Reached out for comment by Dawn.com, Foreign Office Spokesperson Mumtaz Zahra Baloch said Pakistan received a request from the Indian authorities seeking Saeed’s extradition in a “so-called money laundering case”.

She added that “it is pertinent to note that no bilateral extradition treaty exists between Pakistan and India.”

Questioned about the extradition request during her weekly press briefing on Thursday, Baloch had said: “This question is based on speculative reporting and we would not like to comment on speculative reports.”

Saeed, a hardline cleric accused by the US and India of orchestrating the 2008 Mumbai attacks, has been a well-known, albeit shadowy, figure in Pakistan since the 2000s.

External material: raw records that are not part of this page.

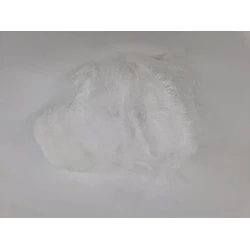 DECOTWISTER (WOOLY) BLANC +/-200GR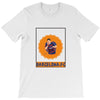 suarez T-Shirt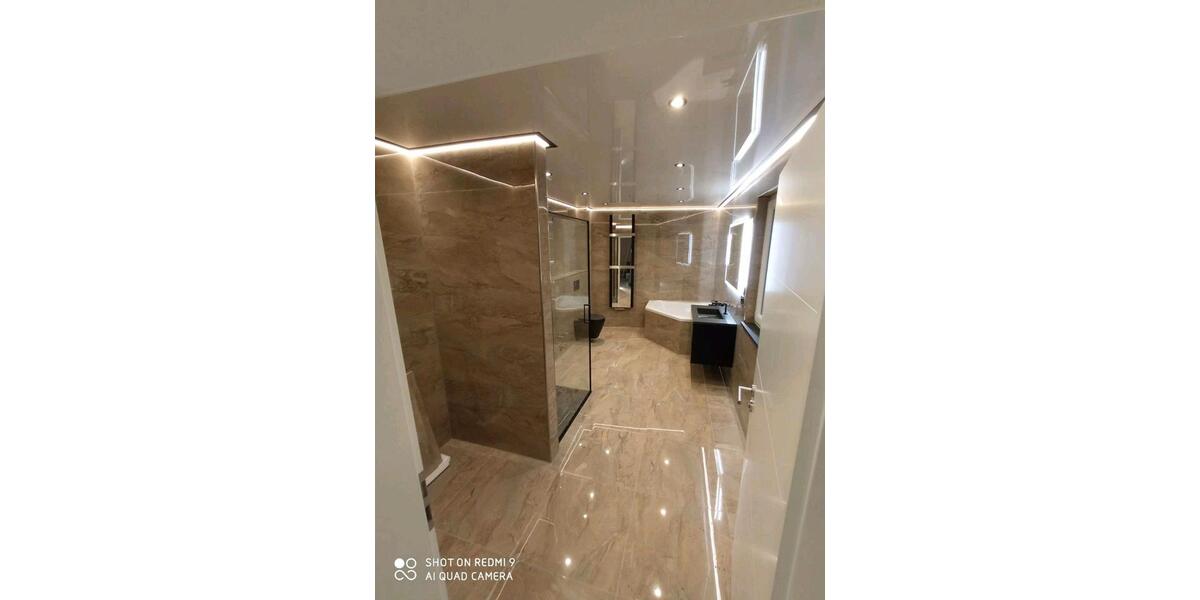 Einfamilienhaus Langenselbold - 4 Zimmer, 130 m&sup2;, 480.000&euro; | Angebot:25971134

Though his media presence has dwindled over the years, the past decade has seen Saeed in and out of the limelight owing to crackdowns by the government on his organisation Lashkar-i-Taiba (LeT) and its charity wing, Jamaat-ud-Dawa (JuD), due to mounting international pressure.

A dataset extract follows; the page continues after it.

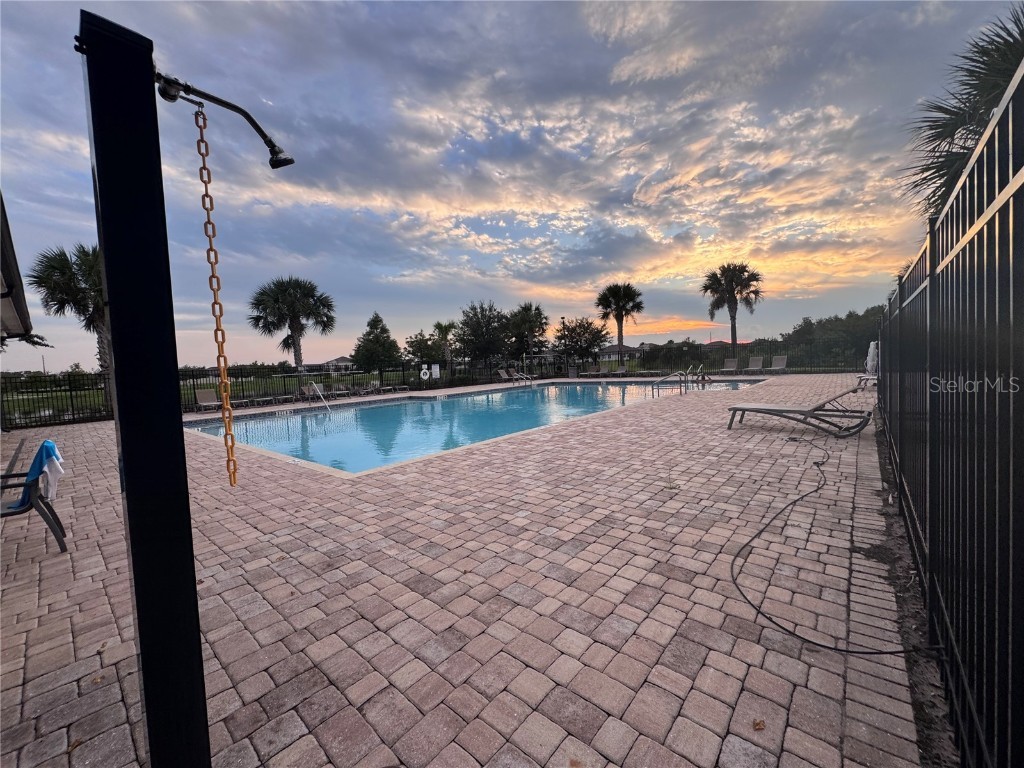 3813 San Isidro Circle Saint Cloud FL 34772 P4936162 image27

According to the BBC, Saeed founded the LeT in the 1990s; when it was banned, the revival of Jamaat-ud-Dawa wal-Irshad — a much older organisation — was witnessed in 2002 when it was renamed Jamaat-ud-Dawa.

Though the JuD leader insists his organisation has worked for Islamic welfare, especially in the aftermath of natural disasters, the United States has maintained that the group is a front for militant activities.

In early 2017, the federal government launched a crackdown against the JuD, placing Saeed under house arrest. However, Saeed was released in November 2017 after the Lahore High Court refused to extend the period of his confinement.

In 2018, Pakistan endorsed the United Nations’ list of banned terrorist organisations by extending the ban on the outfit in Pakistan as well. Prior to this, the Securities and Exchange Commission of Pakistan had barred JuD and several other such organisations named in a list of banned outfits by the United Nations Security Council from collecting donations in the country.

The country-wide ban was imposed after former president Mamnoon Hussain amended the Anti-Terrorism Act (ATA), 1997 and issued the amended Anti-Terrorism Ordinance, 2018.

The JuD chief was arrested once more by the Counter Terrorism Department (CTD) in July 2019, while he was travelling from Lahore to Gujranwala. Prior to his arrest, 23 first information reports were registered against JuD leaders, including Saeed and JuD Naib Emir Abdul Rehman Makki, at police stations in Lahore, Gujranwala, Multan, Faisalabad and Sargodha.

An anti-terrorism court awarded him a combined sentence of 33 years imprisonment in April 2022 in two cases of terror financing registered by the CTD.